A barrel is given a downhill rolling start of #1.5" rad/s"# at the top of a hill. Assume a constant angular acceleration of #2.9" rad/s"^2#

  1. If the barrel takes #11.5" s"# to get to the bottom of the hill, what is the final angular speed of the barrel?

  2. What angular displacement does the barrel experience during the #11.5" s"# ride?

1 Answer
Mar 15, 2018

Part 1

Begin with the equation:

#omega = omega_0+alphat#

where #omega# is the final angular speed, #omega_0# is initial angular speed, #alpha# is the angular acceleration, and #t# is the time of the acceleration.

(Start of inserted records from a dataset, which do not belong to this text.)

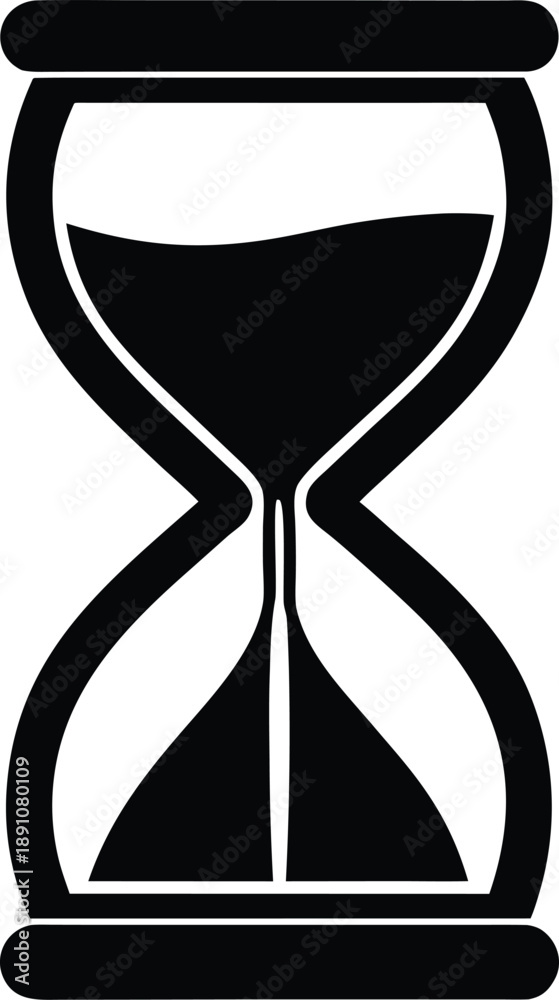 Fototapeta premium silhouette sand hour marker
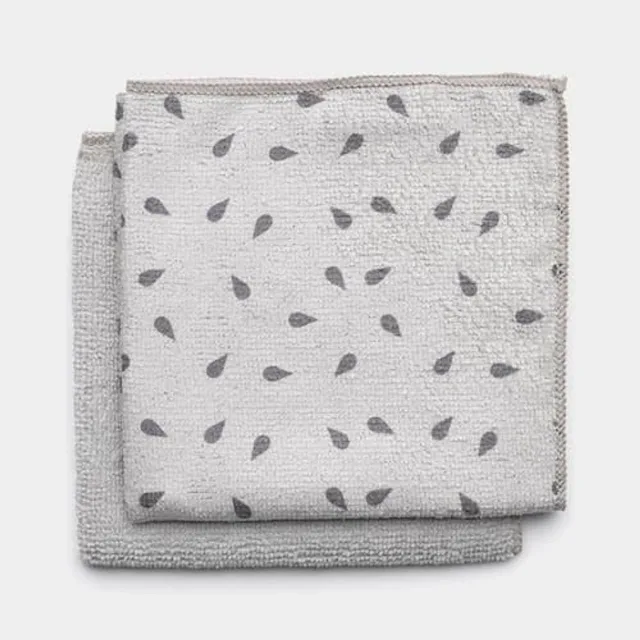 BRABANTIA mikro-šķiedras lupatiņa, 2gb, light grey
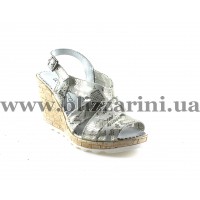 Босоніжки 0821 178 6637 (мал разм) св серый+серебро кожа л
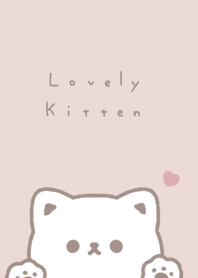 แมวน่ารัก. pink beige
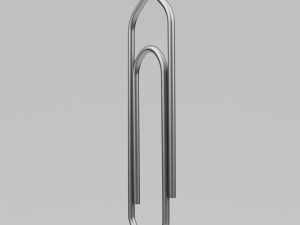 paperclip 3D Model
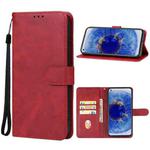 For OPPO Find X6 Leather Phone Case(Red)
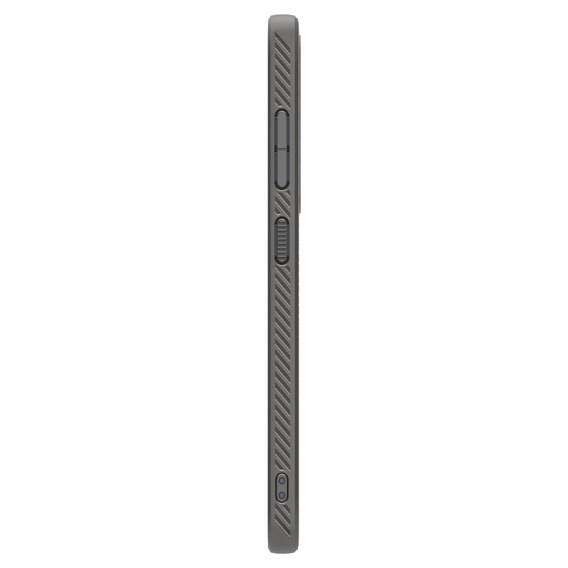 θήκη Spigen για Samsung Galaxy S25, Liquid Air, μαύρη + μετριασμένο γυαλί 9H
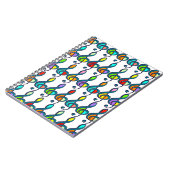 Carnet notes de musique clave de couleur motif (Côté gauche)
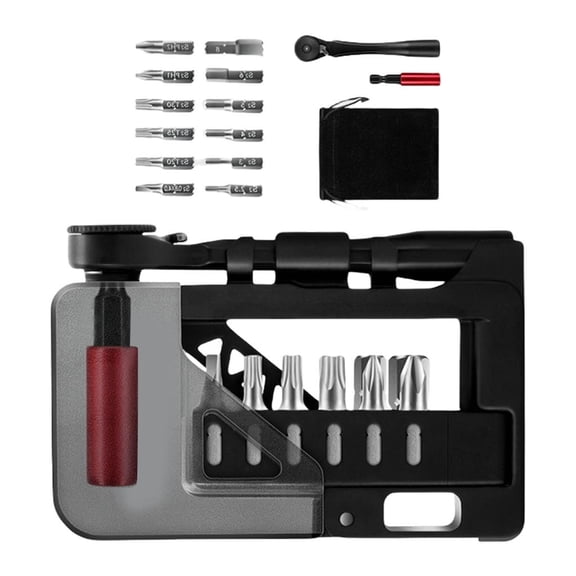 Yammee Ratchet Wrench Multitool Magnetic Key Tool Set Steel Bits Extension Bar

Given: #omega_0 = 1.5" rad/s"#, #alpha = 2.9" rad/s"^2#, and #t = 11.5" s"#

#omega = 1.5" rad/s" + (2.9" rad/s"^2)(11.5" s")#

#omega = 38.45" rad/s"#

Part 2

Begin with the equation:

#theta = theta_0+ omega_0t+1/2alphat^2#

We are not given #theta_0#, therefore, we assume that it is 0:

#theta = (1.5" rad/s")(11.5" s") + 1/2(2.9" rad/s"^2)(11.5" s")^2#

#theta = 209" rad"#